INFORMATION PROVIDED ▸
- - -

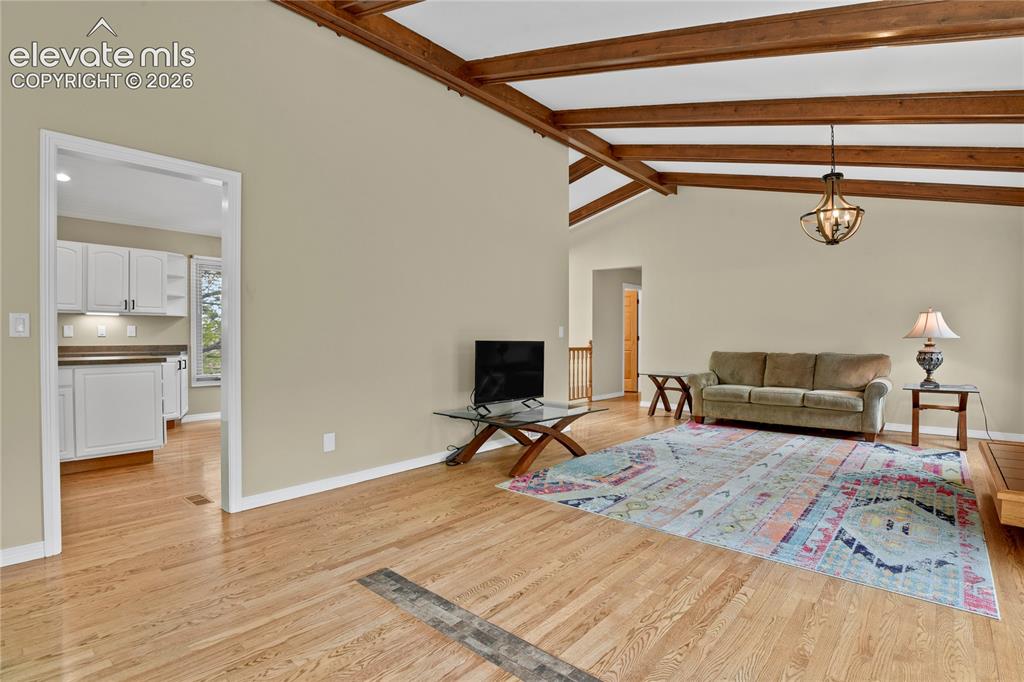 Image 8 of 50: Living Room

- - -

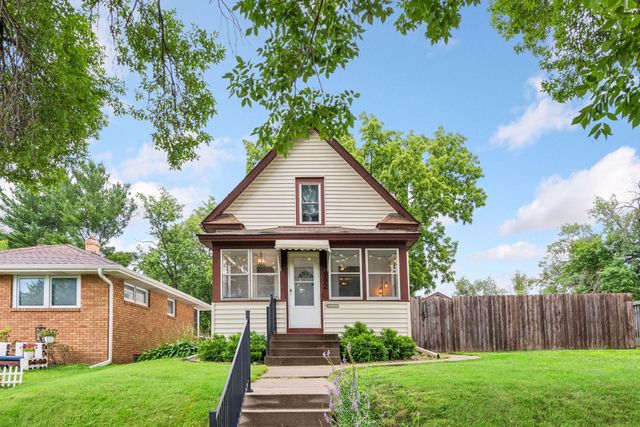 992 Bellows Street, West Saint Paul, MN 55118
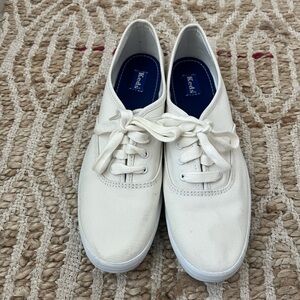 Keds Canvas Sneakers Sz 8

- - -

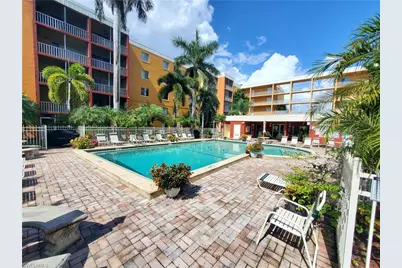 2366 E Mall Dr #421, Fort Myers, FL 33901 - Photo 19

- - -

WHAT THE EXERCISE ASKS ▸ Look above for the line with "992 Bellows Street, West" and the line with "Keds Canvas Sneakers Sz 8". Copy them and every line between, exactly, but no pictures.

EXERCISE ANSWER ▸
 992 Bellows Street, West Saint Paul, MN 55118
 Keds Canvas Sneakers Sz 8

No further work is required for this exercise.